*AIM OF THE EXERCISE*
Report all lines from the entries below in which "vintage" appears.

*THE DATA*
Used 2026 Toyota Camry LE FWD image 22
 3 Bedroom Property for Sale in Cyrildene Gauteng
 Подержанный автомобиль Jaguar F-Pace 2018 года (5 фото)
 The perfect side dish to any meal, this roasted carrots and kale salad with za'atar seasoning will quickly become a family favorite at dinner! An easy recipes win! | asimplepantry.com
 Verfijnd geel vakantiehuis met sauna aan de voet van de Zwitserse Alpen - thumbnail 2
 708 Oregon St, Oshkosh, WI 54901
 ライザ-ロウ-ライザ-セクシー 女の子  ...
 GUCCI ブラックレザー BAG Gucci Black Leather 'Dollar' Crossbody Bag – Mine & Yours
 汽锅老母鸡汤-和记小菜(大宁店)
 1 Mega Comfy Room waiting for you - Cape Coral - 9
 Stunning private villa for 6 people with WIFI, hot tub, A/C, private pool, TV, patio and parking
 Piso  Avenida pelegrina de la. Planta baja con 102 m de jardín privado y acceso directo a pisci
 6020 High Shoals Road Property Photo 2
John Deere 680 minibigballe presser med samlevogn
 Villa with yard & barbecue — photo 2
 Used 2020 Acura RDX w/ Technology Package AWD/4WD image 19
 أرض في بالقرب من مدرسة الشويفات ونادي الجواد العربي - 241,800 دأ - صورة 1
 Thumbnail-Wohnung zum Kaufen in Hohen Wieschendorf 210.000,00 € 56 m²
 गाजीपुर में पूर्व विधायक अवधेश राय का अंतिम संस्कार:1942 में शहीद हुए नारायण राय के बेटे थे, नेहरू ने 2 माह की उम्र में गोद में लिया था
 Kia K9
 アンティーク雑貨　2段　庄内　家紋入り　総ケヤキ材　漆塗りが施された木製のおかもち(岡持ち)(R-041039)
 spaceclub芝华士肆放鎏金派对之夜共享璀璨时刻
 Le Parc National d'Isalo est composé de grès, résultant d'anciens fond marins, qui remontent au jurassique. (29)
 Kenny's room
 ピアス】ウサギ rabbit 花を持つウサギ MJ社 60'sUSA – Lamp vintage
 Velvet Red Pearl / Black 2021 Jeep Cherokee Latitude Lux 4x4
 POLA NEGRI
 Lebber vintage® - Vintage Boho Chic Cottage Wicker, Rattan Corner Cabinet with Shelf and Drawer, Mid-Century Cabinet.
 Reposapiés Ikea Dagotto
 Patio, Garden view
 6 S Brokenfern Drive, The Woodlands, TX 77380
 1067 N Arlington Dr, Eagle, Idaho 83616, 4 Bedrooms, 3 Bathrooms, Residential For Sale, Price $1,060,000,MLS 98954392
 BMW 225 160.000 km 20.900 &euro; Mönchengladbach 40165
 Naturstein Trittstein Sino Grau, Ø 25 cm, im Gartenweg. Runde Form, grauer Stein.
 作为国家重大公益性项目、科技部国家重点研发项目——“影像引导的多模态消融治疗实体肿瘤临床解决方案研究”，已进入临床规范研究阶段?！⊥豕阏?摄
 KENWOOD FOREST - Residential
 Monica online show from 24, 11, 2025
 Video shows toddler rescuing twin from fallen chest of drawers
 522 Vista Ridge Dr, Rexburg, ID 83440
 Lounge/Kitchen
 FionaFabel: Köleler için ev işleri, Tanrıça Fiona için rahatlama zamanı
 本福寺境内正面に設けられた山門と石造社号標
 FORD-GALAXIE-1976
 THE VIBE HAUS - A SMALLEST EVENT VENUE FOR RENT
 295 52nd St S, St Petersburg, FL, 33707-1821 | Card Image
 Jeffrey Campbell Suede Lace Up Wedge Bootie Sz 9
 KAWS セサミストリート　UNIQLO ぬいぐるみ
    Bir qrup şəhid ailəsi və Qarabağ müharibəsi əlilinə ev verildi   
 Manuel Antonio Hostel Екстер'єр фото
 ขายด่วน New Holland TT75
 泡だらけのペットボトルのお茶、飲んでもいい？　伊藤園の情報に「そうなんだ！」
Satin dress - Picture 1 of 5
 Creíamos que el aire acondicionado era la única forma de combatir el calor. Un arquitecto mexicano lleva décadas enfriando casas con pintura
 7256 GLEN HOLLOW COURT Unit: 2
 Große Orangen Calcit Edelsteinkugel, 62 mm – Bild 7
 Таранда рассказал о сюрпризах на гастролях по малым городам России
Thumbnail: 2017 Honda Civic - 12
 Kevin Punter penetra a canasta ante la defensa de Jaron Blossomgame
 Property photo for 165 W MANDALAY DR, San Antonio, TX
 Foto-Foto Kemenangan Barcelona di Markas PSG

*EXERCISE RESPONSE*
 ピアス】ウサギ rabbit 花を持つウサギ MJ社 60'sUSA – Lamp vintage
 Lebber vintage® - Vintage Boho Chic Cottage Wicker, Rattan Corner Cabinet with Shelf and Drawer, Mid-Century Cabinet.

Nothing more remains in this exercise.